_Work request_. Take the line with "中國建設(shè)銀行股份有限公司伊寧邊境經(jīng)濟合作區(qū)支行" and every line after it, through the end of the listing, and give them again exactly, pictures excluded.

_Given data_.
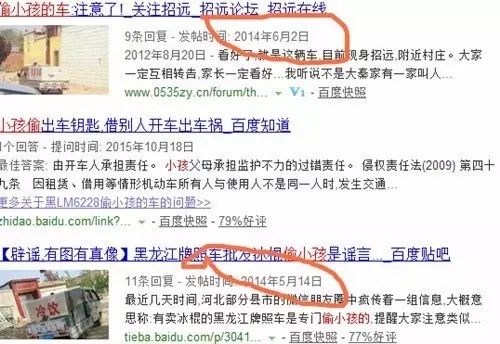 黑龙江牌照车批发冰棍到高碑店拐小孩是谣言！【辟谣，有图有真像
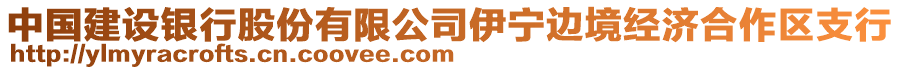 中國建設(shè)銀行股份有限公司伊寧邊境經(jīng)濟合作區(qū)支行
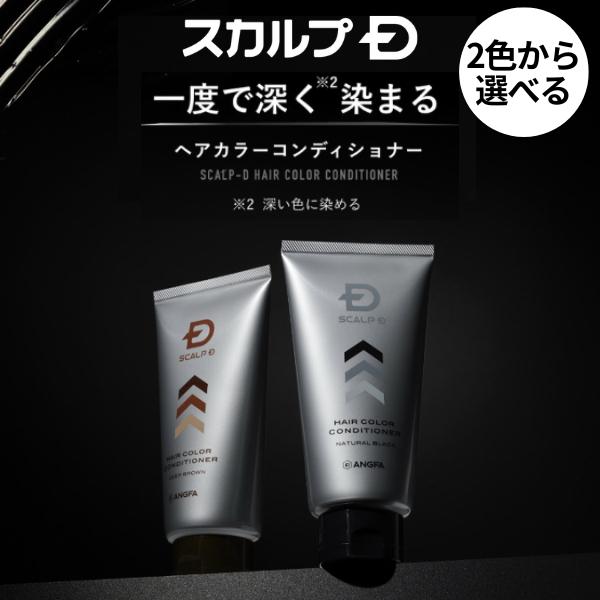 ポイント5倍 スカルプＤ ヘアカラー コンディショナー 白髪染め メンズ 白髪染めトリートメント ブ...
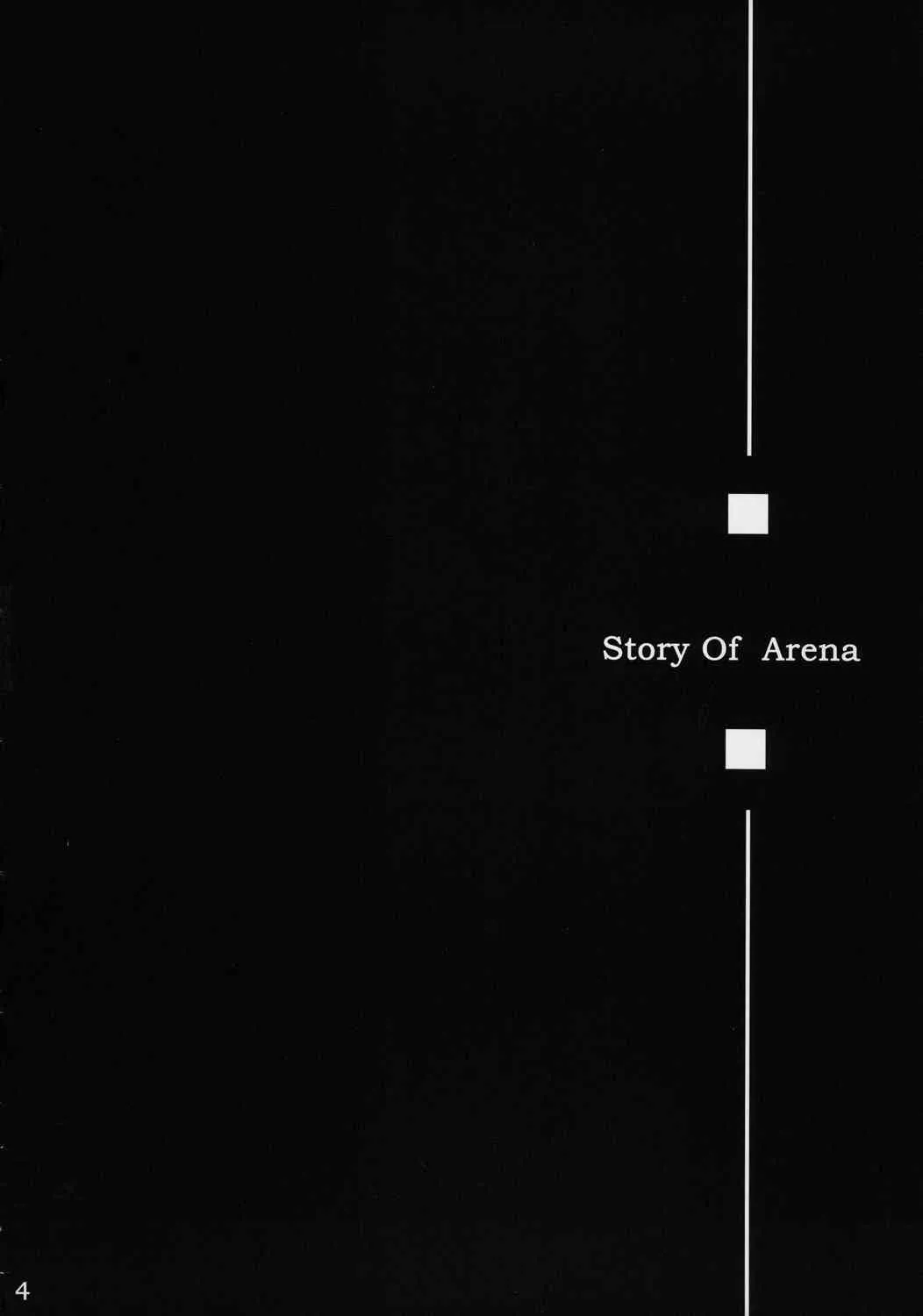 [Ark Emerald (七瀬瑞穂)] ARENA (RO)_3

_Problem solution_.
 中國建設(shè)銀行股份有限公司伊寧邊境經(jīng)濟合作區(qū)支行
 ポイント5倍 スカルプＤ ヘアカラー コンディショナー 白髪染め メンズ 白髪染めトリートメント ブ...
 [Ark Emerald (七瀬瑞穂)] ARENA (RO)_3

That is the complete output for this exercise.